Deze buurt wordt in tegenstelling tot wat iedereen denkt
niet enkel gekaapt door hippe lui en door Jort Kelder's Bij ons in de PC-meute.
Overal om me heen zie ik doodgewone buitengewone burgers, meestal met kinderen
in de fietsbakken, iedere dag in de ratrace van hun leven hun best doen. Maar doodgewone
mensen zijn moe van het geleuter. Hun bedankje? Gif in de supermarkt. Willen ze
normale producten? Dan zijn die onbetaalbaar. Een overheid die hen niet meer
begrijpt.
Als ik hier zou uitwijden over de plek waar ik graag naartoe
zou willen verhuizen, dan zou het contrast met Nederland op dit moment pijnlijk
duidelijk worden. Ik word momenteel niet alleen met die sluimerende onvrede
geconfronteerd via mijn gewicht – het ultieme signaal dat er iets moet
veranderen. Neem van me aan dat de voorbeelden van deze hardwerkende burgers
geen typisch geval van confirmation bias zijn. Het verschil tussen hen
en mij zit hem echter in wat voor mensen goed genoeg is qua standaarden en
levenskwaliteit en wat hen hier houdt.
Zeg me welke richting het blijft uitgaan
Of zoals een Belgische vrouw die vaker in Amsterdam is
geweest me van de week zei: wat de f*ck is er met jullie prijzen aan de hand?
Humus voor vier euro? Bij ons is dat negentig cent. Zijn jullie gek geworden?

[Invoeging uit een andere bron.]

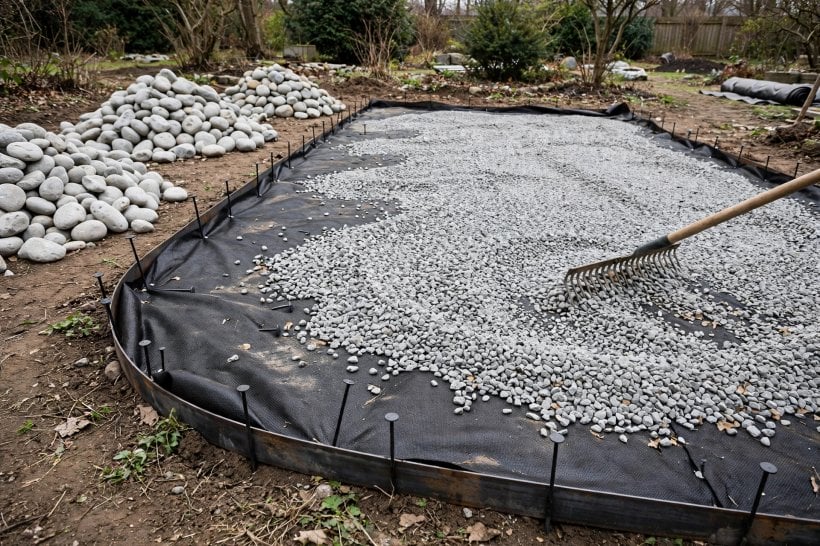 Eco-Friendly Weed Control for Rock Gardens: woven geotextile under a deep layer of washed gravel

En dan nog een Belgische, epische (ik kwam het woord laatst zowat in ieder
schrijven van een auteur tegen en nu wil ik het ook eens gebruiken) variant op mijn
antwoord. Dit is Nederland anno nu. Nederland zonder filters. In alle eenvoud
en bescheidenheid. Zoveel weet ik wel.
Waar dit heengaat? Ik kon haar niets antwoorden. Het lijkt
me dus dat we doodgewone buitengewone burgers zo snel mogelijk serieus moeten
nemen. Laten we beginnen met betaalbare en gezonde opties in de supermarkten
voor iedereen. Vandaaruit verder.
Als we niet uitkijken, is This is Holland straks
alleen nog een museumervaring. Een decor en herinnering. Terwijl de ploeteraars
vertrokken zijn. Terwijl de erosie doorvreet. Terwijl de waardesystemen waar
dit land op gebouwd is, zichzelf dreigen te verliezen. Alleen nog zichtbaar op
oude prenten en opnames.
Zeg me dus welke richting het blijft uitgaan. Dat doet me
denken aan een lied.
Zeg
me wat je ziet. Valt het tij te keren?